» **GIVEN INFORMATION**
★ ★ ★
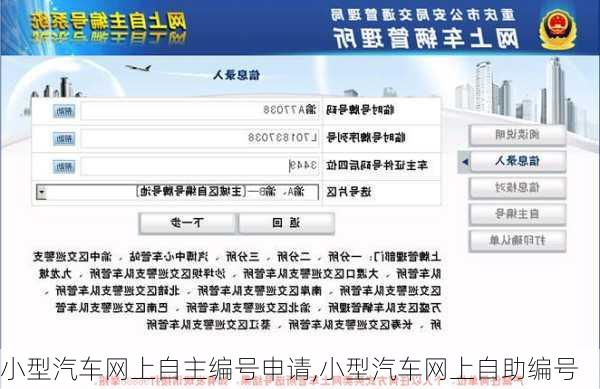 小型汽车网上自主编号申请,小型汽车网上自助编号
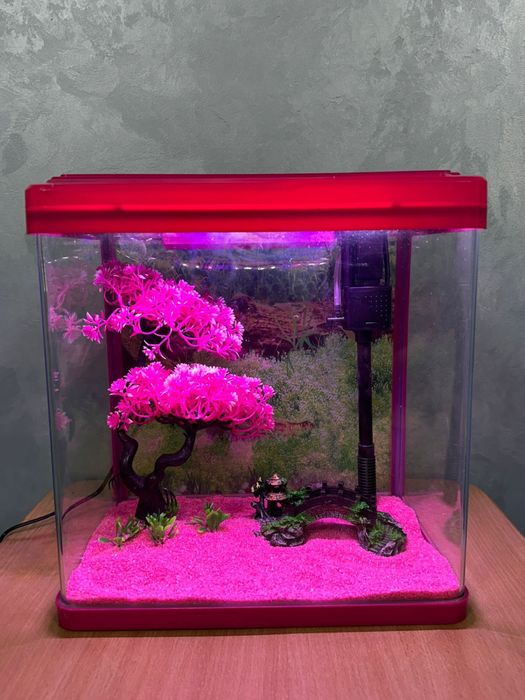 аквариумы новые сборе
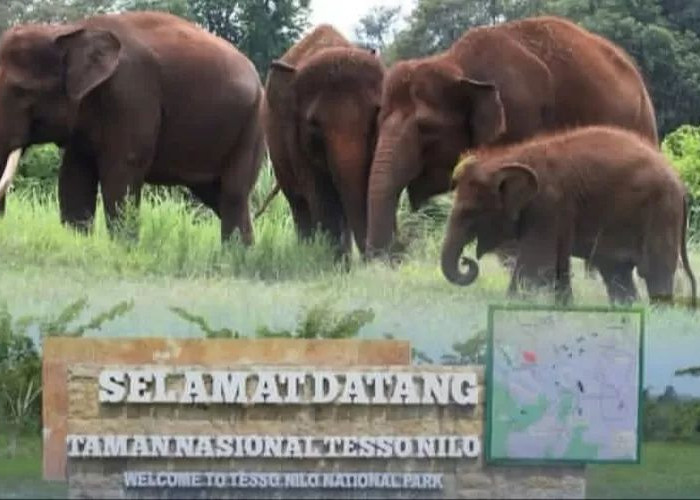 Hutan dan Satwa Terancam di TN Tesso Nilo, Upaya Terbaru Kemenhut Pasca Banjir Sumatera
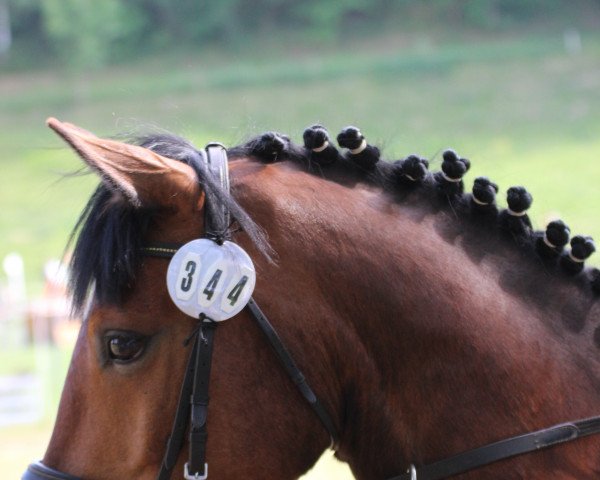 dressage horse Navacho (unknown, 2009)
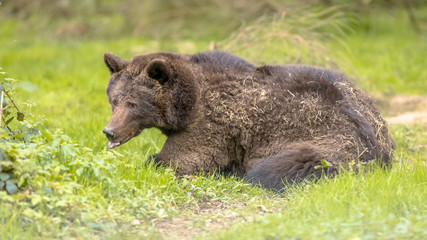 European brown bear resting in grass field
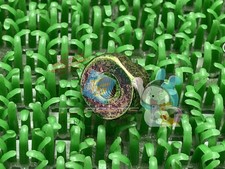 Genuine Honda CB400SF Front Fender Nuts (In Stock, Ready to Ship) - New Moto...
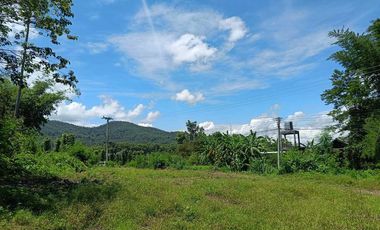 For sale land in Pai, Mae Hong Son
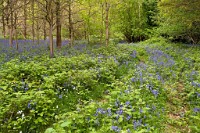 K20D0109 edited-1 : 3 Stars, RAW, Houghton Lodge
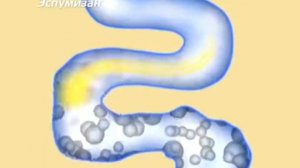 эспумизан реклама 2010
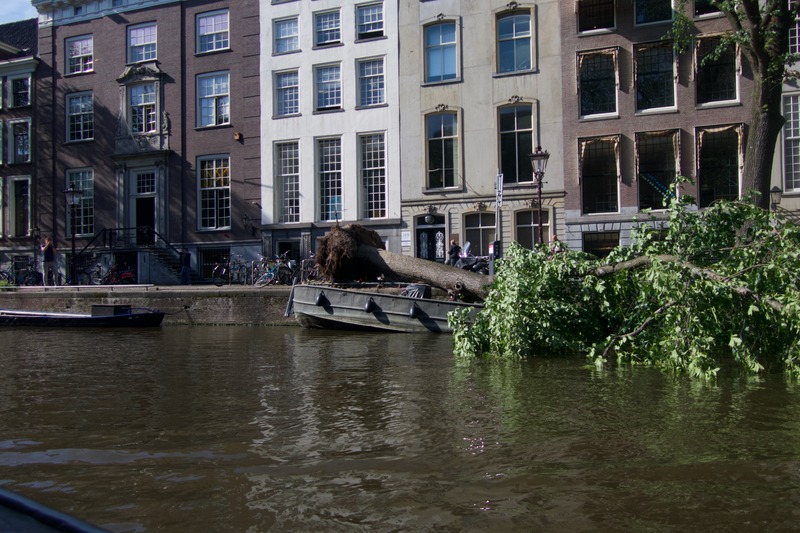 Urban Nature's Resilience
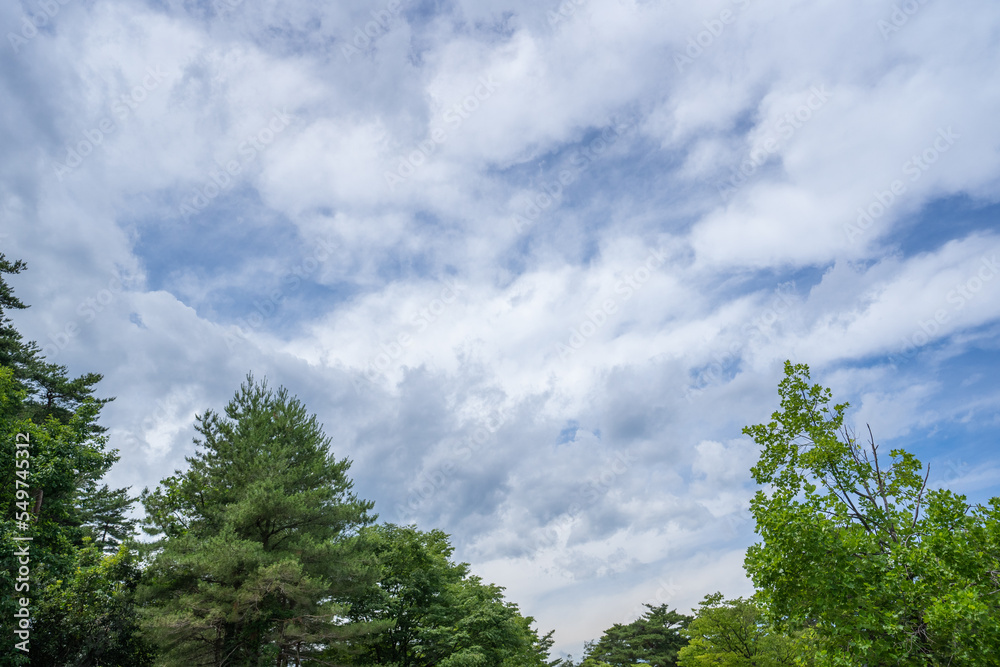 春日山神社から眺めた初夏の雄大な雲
★ ★ ★
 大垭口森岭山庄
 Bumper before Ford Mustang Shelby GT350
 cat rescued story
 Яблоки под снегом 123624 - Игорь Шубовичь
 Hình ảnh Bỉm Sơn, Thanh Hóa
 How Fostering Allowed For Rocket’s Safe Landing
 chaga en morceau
★ ★ ★
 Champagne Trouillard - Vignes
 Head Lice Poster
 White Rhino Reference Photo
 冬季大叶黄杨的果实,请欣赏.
★ ★ ★
» **WHAT IS NEEDED**
In the records above, find the line with "小型汽车网上自主编号申请,小型汽车网上自助编号". Print exactly from there through the line with "春日山神社から眺めた初夏の雄大な雲", minus the pictures.

» **ANSWER TO THIS PROBLEM**
 小型汽车网上自主编号申请,小型汽车网上自助编号
 аквариумы новые сборе
 Hutan dan Satwa Terancam di TN Tesso Nilo, Upaya Terbaru Kemenhut Pasca Banjir Sumatera
 dressage horse Navacho (unknown, 2009)
 European brown bear resting in grass field
 Genuine Honda CB400SF Front Fender Nuts (In Stock, Ready to Ship) - New Moto...
 For sale land in Pai, Mae Hong Son
 K20D0109 edited-1 : 3 Stars, RAW, Houghton Lodge
 эспумизан реклама 2010
 Urban Nature's Resilience
 春日山神社から眺めた初夏の雄大な雲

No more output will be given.